Côté commercial, il a créé les animaux qui se trouvent sur les emballages de jus Oasis. Cranium, Nintendo et Colgate figurent aussi parmi ses clients.

Il est fasciné par Picasso autant qu’il se passionne pour les dessins animés et les univers jeunesse.

Son succès repose, entre autres, sur ses connaissances. « J’ai toujours évolué avec les technologies depuis 1994, dit-il. Dès qu’une technologie sortait, je me l’appropriais. J’ai besoin d’étudier pour mettre mes idées en application, parce que je ne suis pas capable de les faire. Des fois, la technologie de ce que je voudrais faire n’existe même pas encore ! »

Les œuvres sont créées sur un écran digital.
Photo Simon Clark
Les œuvres sont créées sur un écran digital.

Défendre son art

Depuis que les Galeries Beauchamp le représentent, à Québec, Montréal et Toronto, l’artiste ne suffit plus à la demande.

Il a déjà quelques œuvres en France et vient de refuser les demandes de galeries de Londres et Bruxelles. La journée où il a rentré six œuvres à la Galerie Beauchamp, dans le Vieux-Québec, quatre d’entre elles ont été vendues le jour même.

« Je pensais que ça ne marcherait pas, que ça prendrait peut-être dix ans avant d’aboutir à quelque chose, mais au moins je me disais que je serais heureux à travers ce projet-là.

« Je veux créer un art grand public, mais aussi un art que l’élite va percevoir comme du haut niveau artistique. C’est tout un travail de réussir à rejoindre les deux ensemble », ajoute-t-il.

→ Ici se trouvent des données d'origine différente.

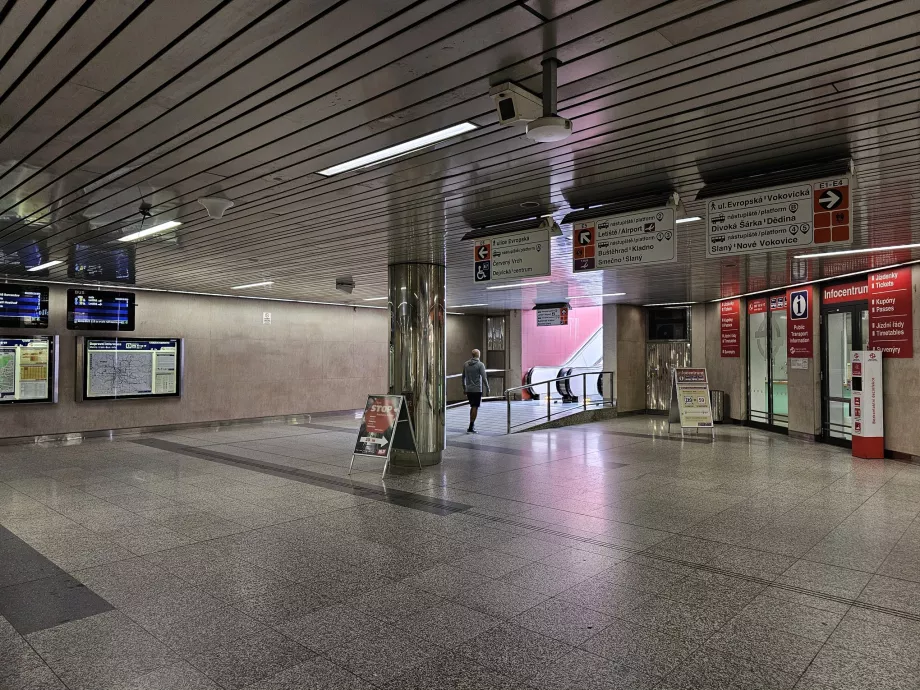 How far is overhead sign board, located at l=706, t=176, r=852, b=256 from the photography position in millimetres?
4328

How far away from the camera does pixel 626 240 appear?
537cm

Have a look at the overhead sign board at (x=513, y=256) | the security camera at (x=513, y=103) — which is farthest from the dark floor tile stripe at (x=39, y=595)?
the overhead sign board at (x=513, y=256)

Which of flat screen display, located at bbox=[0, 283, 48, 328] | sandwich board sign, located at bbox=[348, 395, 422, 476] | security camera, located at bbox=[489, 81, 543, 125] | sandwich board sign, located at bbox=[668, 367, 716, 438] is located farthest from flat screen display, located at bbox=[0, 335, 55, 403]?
sandwich board sign, located at bbox=[668, 367, 716, 438]

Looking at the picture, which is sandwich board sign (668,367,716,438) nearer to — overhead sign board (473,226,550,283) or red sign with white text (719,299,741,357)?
red sign with white text (719,299,741,357)

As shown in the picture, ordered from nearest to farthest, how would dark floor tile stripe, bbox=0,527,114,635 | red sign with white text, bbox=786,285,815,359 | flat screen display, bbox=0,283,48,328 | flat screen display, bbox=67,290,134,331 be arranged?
dark floor tile stripe, bbox=0,527,114,635
flat screen display, bbox=0,283,48,328
red sign with white text, bbox=786,285,815,359
flat screen display, bbox=67,290,134,331

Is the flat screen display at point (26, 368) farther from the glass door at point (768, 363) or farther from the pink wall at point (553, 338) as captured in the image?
the glass door at point (768, 363)

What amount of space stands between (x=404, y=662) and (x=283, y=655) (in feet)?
2.04

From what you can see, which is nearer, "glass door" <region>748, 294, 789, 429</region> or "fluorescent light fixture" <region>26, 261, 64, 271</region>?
"fluorescent light fixture" <region>26, 261, 64, 271</region>

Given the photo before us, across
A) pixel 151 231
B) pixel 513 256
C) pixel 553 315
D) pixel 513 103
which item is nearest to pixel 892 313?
pixel 513 256

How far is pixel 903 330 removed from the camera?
9.05 m

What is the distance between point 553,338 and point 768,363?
367 inches

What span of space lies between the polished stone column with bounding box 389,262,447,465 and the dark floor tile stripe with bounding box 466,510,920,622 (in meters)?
2.85

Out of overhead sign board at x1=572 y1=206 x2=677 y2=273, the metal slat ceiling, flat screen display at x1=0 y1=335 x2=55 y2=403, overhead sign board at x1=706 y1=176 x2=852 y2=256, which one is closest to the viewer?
the metal slat ceiling

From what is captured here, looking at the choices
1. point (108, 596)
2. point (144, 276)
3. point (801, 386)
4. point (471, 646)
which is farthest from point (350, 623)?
point (801, 386) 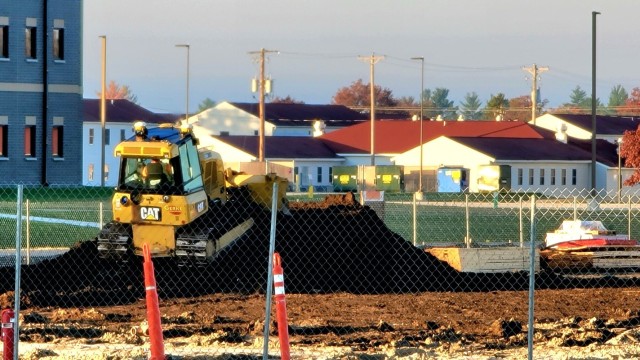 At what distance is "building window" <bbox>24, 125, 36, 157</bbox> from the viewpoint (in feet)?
174

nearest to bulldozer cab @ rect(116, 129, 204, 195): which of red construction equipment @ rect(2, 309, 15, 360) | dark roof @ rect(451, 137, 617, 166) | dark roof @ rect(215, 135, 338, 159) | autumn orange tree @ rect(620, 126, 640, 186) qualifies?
red construction equipment @ rect(2, 309, 15, 360)

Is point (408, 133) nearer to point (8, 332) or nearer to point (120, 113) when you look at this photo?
point (120, 113)

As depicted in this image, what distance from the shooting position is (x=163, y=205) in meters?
23.3

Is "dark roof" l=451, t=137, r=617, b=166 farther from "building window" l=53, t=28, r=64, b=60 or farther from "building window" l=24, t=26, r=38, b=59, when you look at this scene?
"building window" l=24, t=26, r=38, b=59

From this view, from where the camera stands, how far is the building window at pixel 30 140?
2088 inches

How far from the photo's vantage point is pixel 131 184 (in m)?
23.8

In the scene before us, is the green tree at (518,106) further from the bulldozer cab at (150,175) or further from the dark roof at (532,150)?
the bulldozer cab at (150,175)

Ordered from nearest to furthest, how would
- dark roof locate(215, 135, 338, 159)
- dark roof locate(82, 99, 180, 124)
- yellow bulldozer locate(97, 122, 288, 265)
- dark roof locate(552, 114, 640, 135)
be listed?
1. yellow bulldozer locate(97, 122, 288, 265)
2. dark roof locate(215, 135, 338, 159)
3. dark roof locate(82, 99, 180, 124)
4. dark roof locate(552, 114, 640, 135)

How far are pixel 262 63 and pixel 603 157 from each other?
2953 centimetres

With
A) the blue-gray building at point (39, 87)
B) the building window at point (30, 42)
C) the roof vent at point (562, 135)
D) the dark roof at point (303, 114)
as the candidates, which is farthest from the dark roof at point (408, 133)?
the building window at point (30, 42)

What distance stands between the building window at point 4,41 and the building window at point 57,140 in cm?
360

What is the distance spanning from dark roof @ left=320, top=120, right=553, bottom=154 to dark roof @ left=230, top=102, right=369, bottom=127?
16.1 meters

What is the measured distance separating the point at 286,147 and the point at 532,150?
17753mm

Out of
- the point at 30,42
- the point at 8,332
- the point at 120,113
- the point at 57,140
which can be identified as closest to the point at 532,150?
the point at 120,113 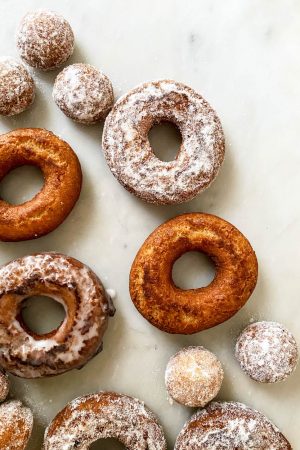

Avec l’utilisation de toutes ces technologies, Boutet ressent néanmoins le besoin de défendre son art. « Même si j’utilise l’ordinateur, ce n’est pas mécanique, c’est intuitif. C’est de l’art. Ce n’est pas l’artiste qui fait le pinceau. Ce n’est pas la technologie qui va créer l’art. Picasso avait un pinceau, mais il ne fait pas la même chose que la voisine d’en face avec. Tu as beau avoir les logiciels, c’est ce que tu as dans la tête qui fait l’œuvre. »

Au début de 2019, une exposition solo lui sera consacrée à la Galerie Beauchamp du Vieux-Québec.